=== Extracted material ===

────

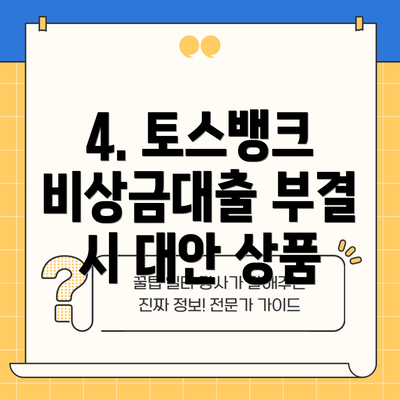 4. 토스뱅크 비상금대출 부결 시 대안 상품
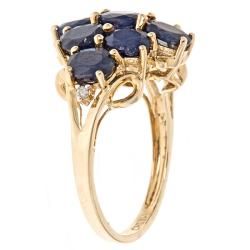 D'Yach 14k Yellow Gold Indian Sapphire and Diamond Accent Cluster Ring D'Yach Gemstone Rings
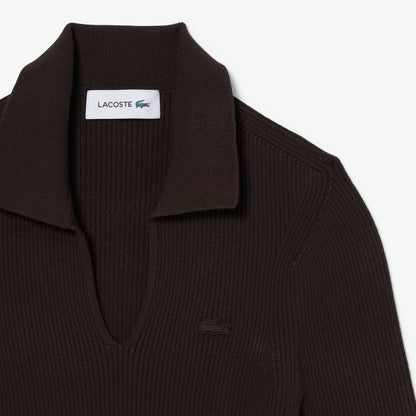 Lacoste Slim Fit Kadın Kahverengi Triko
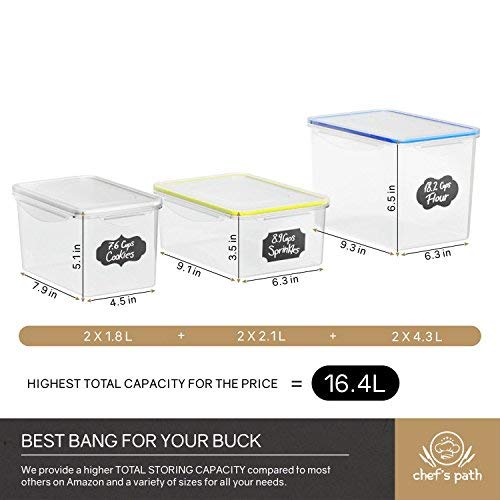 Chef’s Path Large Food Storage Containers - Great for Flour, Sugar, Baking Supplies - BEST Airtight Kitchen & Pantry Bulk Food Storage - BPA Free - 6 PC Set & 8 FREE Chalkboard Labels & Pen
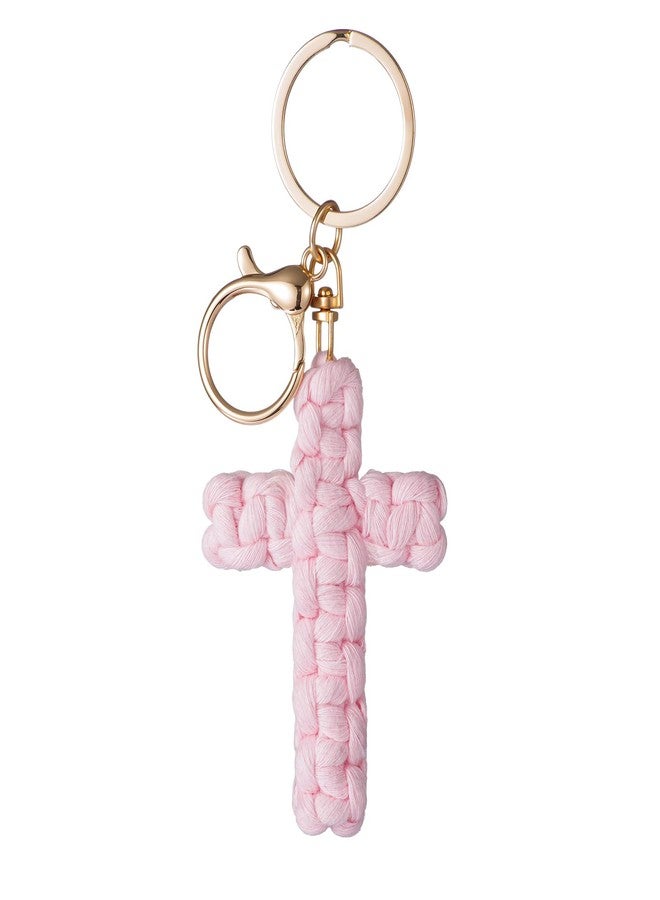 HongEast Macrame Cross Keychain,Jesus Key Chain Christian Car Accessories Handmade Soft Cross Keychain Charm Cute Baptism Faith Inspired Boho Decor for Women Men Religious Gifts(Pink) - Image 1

────

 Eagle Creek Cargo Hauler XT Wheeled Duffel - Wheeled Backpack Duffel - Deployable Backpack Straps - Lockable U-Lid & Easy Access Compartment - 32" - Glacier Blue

────

=== Work to be completed ===
Everything above from the line containing "4. 토스뱅크 비상금대출 부결 시 대안 상품" through the line containing "HongEast Macrame Cross" must be repeated exactly, and the pictures must be left out.

=== Problem solution ===
 4. 토스뱅크 비상금대출 부결 시 대안 상품
 D'Yach 14k Yellow Gold Indian Sapphire and Diamond Accent Cluster Ring D'Yach Gemstone Rings
 Lacoste Slim Fit Kadın Kahverengi Triko
 Chef’s Path Large Food Storage Containers - Great for Flour, Sugar, Baking Supplies - BEST Airtight Kitchen & Pantry Bulk Food Storage - BPA Free - 6 PC Set & 8 FREE Chalkboard Labels & Pen
 HongEast Macrame Cross Keychain,Jesus Key Chain Christian Car Accessories Handmade Soft Cross Keychain Charm Cute Baptism Faith Inspired Boho Decor for Women Men Religious Gifts(Pink) - Image 1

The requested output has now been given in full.